In addition to previously summarized closed-set intent detection problems, some researchers dealt with a so-called zero-shot intent-detection problem by attempting to detect even those intents for which no labeled data are currently available. The research in Reference [10] presented a two-fold capsule-based architecture which (1) discriminates the existing intents with the bidirectional long short-term memory (BiLSTM) network and multiple self-attention heads, and (2) learns to detect emerging intents from the existing ones on the zero-shot via knowledge transfer (based on the evaluated similarity). The authors achieved sufficient results on two benchmark datasets: one containing English and another containing Chinese conversations.

Sometimes, the correct intent cannot be determined from one incoming question and must be clarified in further conversation. This type of intent detection is a so-called multi-turn response selection problem, which was addressed in Reference [11]. The offered deep attention matching network (DAMN) method uses representations of text segments at different granularities with stacked self-attention and then extracts truly matched segment pairs with attention across the whole context and the author’s response. The authors proved the effectiveness of their method on the Ubuntu Corpus V1 (regarding the Ubuntu system troubleshooting in English) and the Douban Conversation Corpus (from social networking on open-domain topics in Chinese), both having ~0.5 million multi-turn contexts for training.

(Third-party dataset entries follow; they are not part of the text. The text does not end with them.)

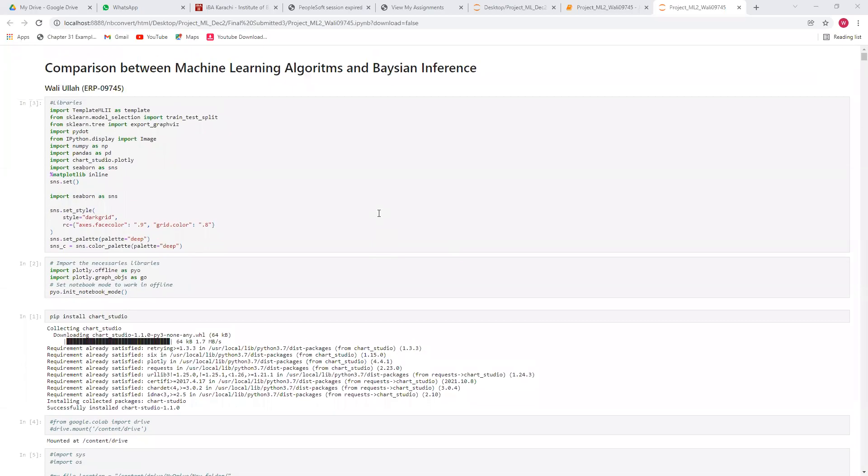In this project, I have compared the machine learning traditional algorithms with Bayesian inference.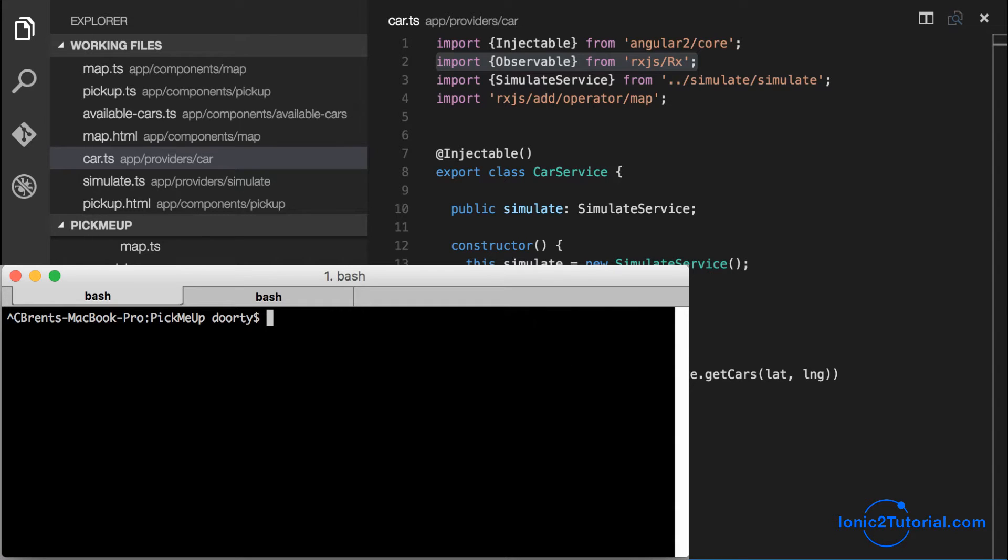In this video we're going to create the component that represents the car that picks us up and takes us to our destination.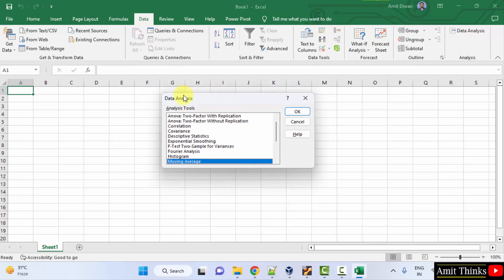Now we have all these tools available for data analysis because we just installed the add-in. So guys, in this video we saw how we can easily install the Data Analysis Toolkit add-in in Excel. Thank you for watching the video.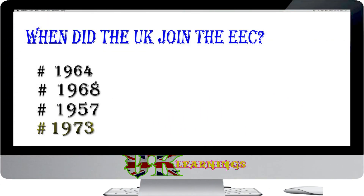When did the UK join the EEC? Options: 1964; 1968; 1957. The answer is 1973. West Germany, France, Belgium, Italy, Luxembourg and the Netherlands formed the European Economic Community, EEC, in 1957. At first the UK did not wish to join the EEC, but it eventually did so in 1973.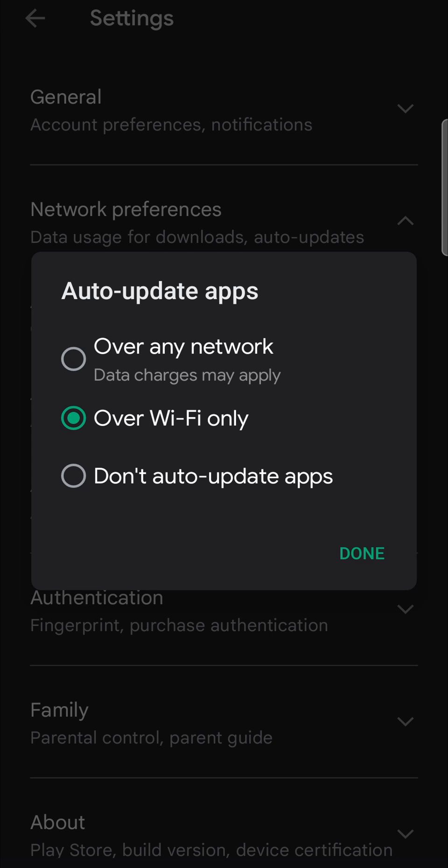So that's a great feature. Select over Wi-Fi only, then all your apps will be updated automatically, including Google Maps. Then you can tap on done, and then you're finished.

Furthermore, we focus on another large group of chatbots—in particular, generative chatbots—typically functioning in the machine translation manner; however, instead of translating from one language to another, they “translate” the input sequence (question) into the output sequence (answer) by sequentially generating text elements (usually words). This particular family of ML approaches is called sequence-to-sequence (abbreviated as seq2seq). Seq2seq chatbots can be created using either statistical machine translation (SML) or the recently popular neural machine translation (NMT) approaches. The pioneering work [12], describing how the SMT approach was applied to ~1.3 million conversations from the Twitter, demonstrated promising results and encouraged other researchers to continue working on generative chatbot problems.

Neural approaches typically employ the encoder–decoder architecture, where the encoder sequentially reads the input text (question) and encodes it into a fixed-length context vector and the decoder sequentially outputs the text (answer) after reading the context vector. The encoder–decoder approaches learn to generate answers based on either the isolated question–answer (QA) pairs or on the whole conversation.

The majority of approaches reuse (or slightly modify) the encoder–decoder architecture (described in Reference [13]) that was initially offered for NMT; both encoder and decoder are composed of long short-term memory (LSTM) networks applied on word2vec embeddings [14]. The authors in Reference [15] applied their seq2seq model to two benchmark English datasets: the closed-domain Information Technology (IT) Helpdesk Troubleshooting dataset and the open-domain OpenSubtitles dataset. A subjective evaluation of their system demonstrated its superiority over the Cleverbot (a popular chatterbot application). Similar research was performed in Reference [16]; however, instead of the English language, the authors applied the seq2seq method to a Chinese dataset, containing ~1 million QA pairs taken from Chinese online forums. The performed subjective evaluation proved that the offered approach achieved good results in modeling the responding style of a human. The authors in Reference [17] used an encoder–decoder architecture enhanced with an attention mechanism. Their method was successfully applied to a mixture of words and syllables as encoding/decoding units. Two Korean corpora were used to train this model: the larger non-dialogue corpus captured the Korean language model and the smaller dialogue corpus (containing ~0.5 million sentence pairs) collected from mobile chat rooms was used to train the dialogue.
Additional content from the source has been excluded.